As you might have read in my previous post, I'm not too happy about the way the XPath works with namespaces.

To make things better I have created some regular expressions that will allow me to write XPaths the way I want to write them and still have them work with real XPath engines out there. It makes the XPath ignorant towards namespaces that are not defined in my XPath query. Namespaces that are defined in my XPath query will be handled like before.

if(!xpath.StartsWith("/")){
xpath= "./" + xpath;
}
xpath = Regex.Replace(xpath,@"/(?[\w]+)\[","/*[local-name()=='${node}' and ");
xpath = Regex.Replace(xpath,@"/(?[\w]+)","/*[local-name()=='${node}']");

PS. I'll get back to the post and tidy the code up later

Saturday, April 02, 2011

namespace mismatch

Once in a while you come across technologies that on their own are great, but put together are painful. Either you just live with the pain, you deselect one of the technologies or you try to improve the way they interact. This is the case with namespaces and xml/xpath.

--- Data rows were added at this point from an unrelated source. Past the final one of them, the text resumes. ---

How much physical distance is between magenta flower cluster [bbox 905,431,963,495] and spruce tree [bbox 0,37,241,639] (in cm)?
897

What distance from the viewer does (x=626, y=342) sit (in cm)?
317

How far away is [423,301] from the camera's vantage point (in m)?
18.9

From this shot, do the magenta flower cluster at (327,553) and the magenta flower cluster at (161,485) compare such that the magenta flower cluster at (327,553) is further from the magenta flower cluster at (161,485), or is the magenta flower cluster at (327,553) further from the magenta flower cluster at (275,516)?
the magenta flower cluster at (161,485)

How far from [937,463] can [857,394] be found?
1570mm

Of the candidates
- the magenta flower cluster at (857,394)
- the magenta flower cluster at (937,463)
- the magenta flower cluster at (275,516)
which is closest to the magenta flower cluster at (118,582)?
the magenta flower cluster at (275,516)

Let me just explain that I am a big fan of XML and of XPath and XMLSchemas. They are related and work quite nicely. The schemas describe the data structure and can be used for validation. The XML is the datastructure and XPath is the query language for searching in the datastructure. Together these are very powerful.

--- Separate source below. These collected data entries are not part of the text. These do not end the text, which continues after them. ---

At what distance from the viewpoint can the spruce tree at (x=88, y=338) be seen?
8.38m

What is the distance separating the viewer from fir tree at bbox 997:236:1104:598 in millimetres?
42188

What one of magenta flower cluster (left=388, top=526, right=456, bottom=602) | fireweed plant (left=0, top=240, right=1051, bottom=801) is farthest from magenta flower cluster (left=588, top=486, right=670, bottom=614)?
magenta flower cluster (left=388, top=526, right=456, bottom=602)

Over the years I have heard a lot of people complain about XML, but often they are using it for the wrong purpose, they don't know the power of XPath to assist them or they are drowning in namespaces and prefixes in their xml documents.

Namespaces in xml are introduced to allow cross references across schemas and thereby allowing reuse of schemas. Every namespace, other than the default namespace, is given a prefix. For loosely structured documents this enables the writer of the XML document to specify on every single element, in what namespace it is defined. A good example of that is the XSLT documents. Here prefixes helps the writer of the xml validate only the elements that are part of the XSLT transformation logic. For this purpose namespaces and prefixes are great.

What I generally see with custom xml structures however is that the structure is more strictly defined and name clashes are less likely.

If I were to define the way xml and xsd would work with namespaces I would make the namespace prefixes optional on xml nodes where type and namespace could be derived from its placement in the structure. If the schema eg. only allows for one type of "address" element at a given location, why should I specify what type of address element it is? Only where name and type clashes occur would I demand namespace prefixes.

Namespaces should be treated as metadata of elements. They are just for validation and identifying the type of an element where name clashes could occur. For everything else they are irrelevant.

That brings me on to XPath and namespaces. Namespace information is metadata as far as XPath is concerned and you have to ask for the details if you want to use it in the query. It's a different story with prefixes. Actually the prefix is part of the name you can search for. This makes absolutely no sense as prefixes are only valid within a single document, and a the next document you receive might have other prefixes but be just as valid. The impact is that you have to make your XPath queries quite verbose to ignore the prefix and it really is a painful experience. If I could redesign XPath, I would make XPath ignore the prefixes of elements to be the default behaviour. Actually I don't see where anyone should use the prefix knowledge in a search.